Site Reliability Engineer, Infrastructure and Assurance Services - USDS

New Yesterday

The Infra SRE-Infrastructure-Assurance team extends TikTok infrastructure's operability, observability, visibility, and automation. We aim to provide holistic insights and solutions to TikTok infrastructure with minimal manual interventions. We're young and fast-growing. Our team values transparency, collaboration, hard-work and innovations. We believe in planning and long-term strategies rather than short-term gains. Join us in solving large-scale complex issues in a hyper-growth team; Embracing challenges with a fearless curious mind. In order to enhance collaboration and cross-functional partnerships, among other things, at this time, our organization follows a hybrid work schedule that requires employees to work in the office 3 days a week, or as directed by their manager/department. We regularly review our hybrid work model, and the specific requirements may change at any time. Responsibilities: - Perform SRE duties and operations on supported services in production, including but not limited to: on-call rotations, maintenance, change management, monitoring, incident response, capacity planning, disaster recovery. - Maximize system uptime, availability and stability, to ensure functional and performance SLAs. - Contribute to existing documentations and build effective documentations such as operational runbooks, SOPs, SLA/SLO. - Initiate and lead scripting/tooling/automation to streamline processes and minimize human resource. - Work cross functionally and regionally with SRE/Dev/QA/PM teams to handle incidents and improve processes. - Manage and prioritize tasks/projects for high productivity and precise deliveries.

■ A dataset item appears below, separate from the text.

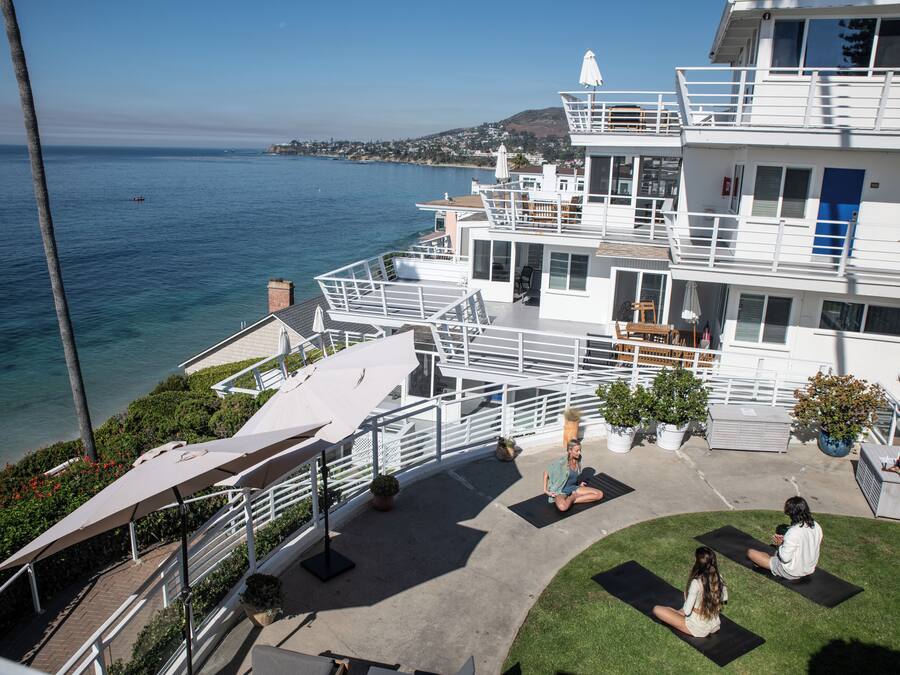 A multi-story building with balconies overlooking a body of water, a rooftop area with seating, and a grassy courtyard.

Minimum Qualifications: -Bachelor's degree in Computer Science, a related field, or equivalent practical experience. -demonstrated experience in software development with one or more programming languages. -experience in Linux Operating Systems, Networking, Database concepts, Monitoring, Shell scripting. -Superb analytical ability, problem solving and critical thinking skills. -Excellent communicator, team-player, self-starter and fast learner. Preferred Qualifications: -Master's degree in Computer Science, Engineering or a related field. -Proficient in any of the following languages: Python, GoLang, C++. -Expertise in any of the following: SRE philosophy, AIOPS, APM, Disaster Recovery. -Expertise in any of these tech stacks: Kubernetes, ElasticSearch, ClickHouse, Message Queue, OpenTSDB, Service Mesh. Candidates for this position must be legally authorized to work in the United States. This position is not eligible for visa sponsorship or support.
Location:
San Jose